Collection entries
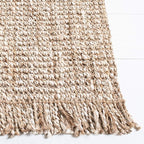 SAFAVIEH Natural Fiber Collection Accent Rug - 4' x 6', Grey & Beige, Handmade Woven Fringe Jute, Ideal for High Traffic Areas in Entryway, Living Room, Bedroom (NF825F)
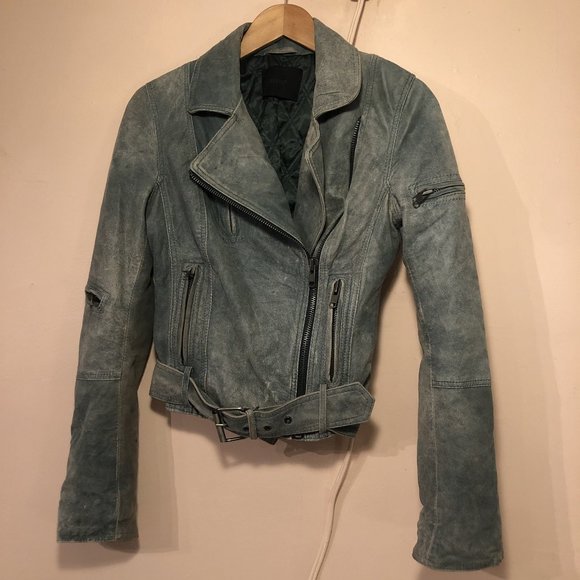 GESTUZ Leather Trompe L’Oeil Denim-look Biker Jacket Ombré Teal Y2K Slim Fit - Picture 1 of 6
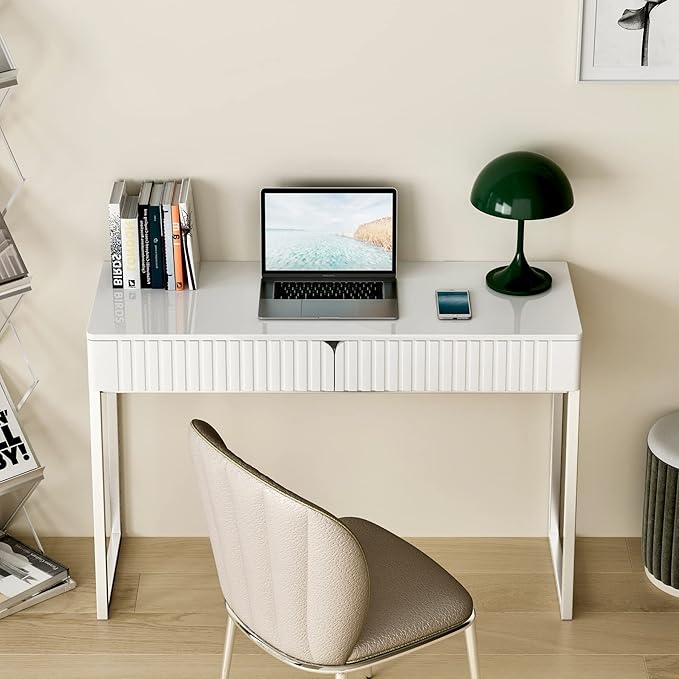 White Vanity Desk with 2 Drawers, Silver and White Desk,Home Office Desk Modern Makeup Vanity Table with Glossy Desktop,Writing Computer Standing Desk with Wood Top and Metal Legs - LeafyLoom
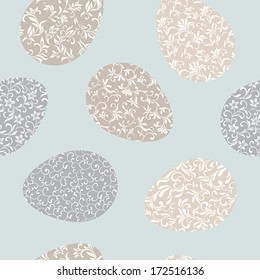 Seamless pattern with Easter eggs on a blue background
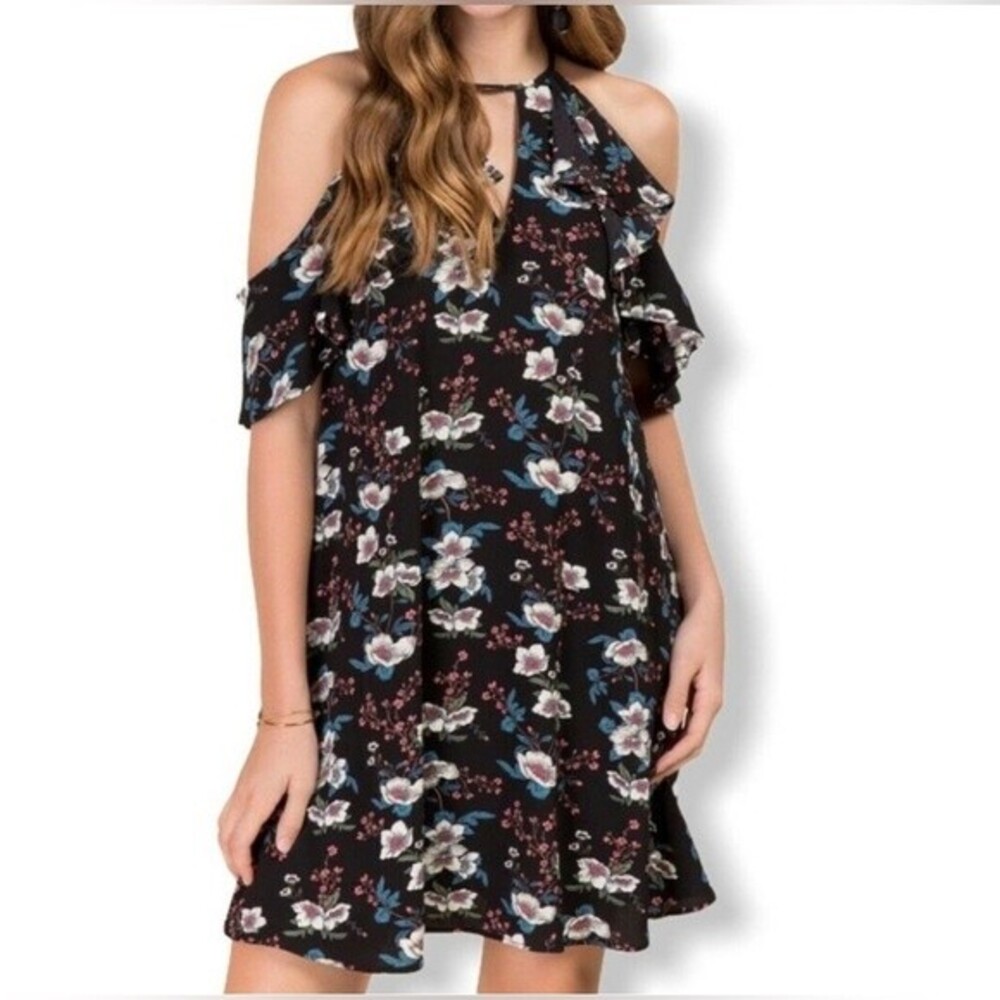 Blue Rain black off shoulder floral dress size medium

Task item: Only one thing is required: an exact printout of the lines from the line containing "White Vanity Desk" through the last line of the records, pictures excluded.

Solution below:
 White Vanity Desk with 2 Drawers, Silver and White Desk,Home Office Desk Modern Makeup Vanity Table with Glossy Desktop,Writing Computer Standing Desk with Wood Top and Metal Legs - LeafyLoom
 Seamless pattern with Easter eggs on a blue background
 Blue Rain black off shoulder floral dress size medium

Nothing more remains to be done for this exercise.